- Task
Exclude the pictures and transcribe the rest of the data below exactly.

Crawled caption data:
★ ★ ★ ★ ★ ★ ★

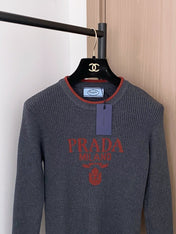 PRADA 25S SWEATER 426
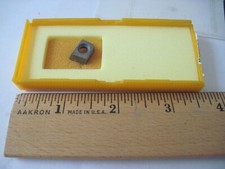 Mitsubishi NP-GDCW1240PDFR2 MD220 Diamond Coated Carbide Insert - High Speed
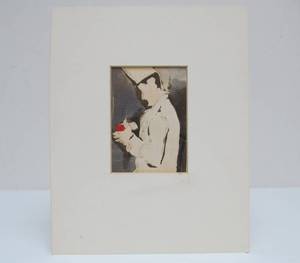 lot 46 image: ..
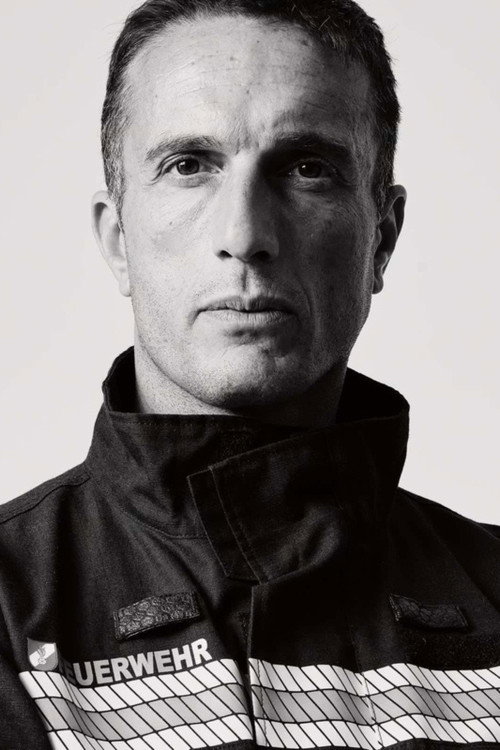 Горан Гунцхев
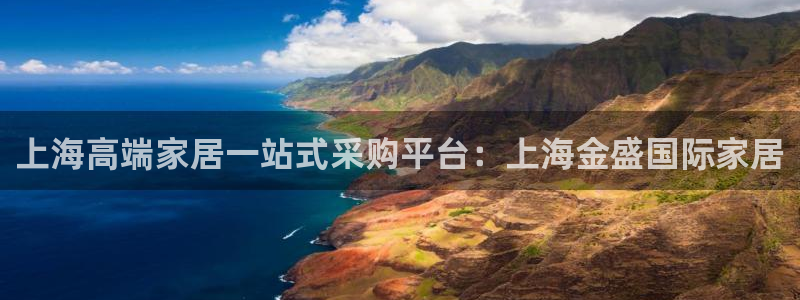 uG环球游戏网站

★ ★ ★ ★ ★ ★ ★

- Response below
 PRADA 25S SWEATER 426
 Mitsubishi NP-GDCW1240PDFR2 MD220 Diamond Coated Carbide Insert - High Speed
 lot 46 image: ..
 Горан Гунцхев
 uG环球游戏网站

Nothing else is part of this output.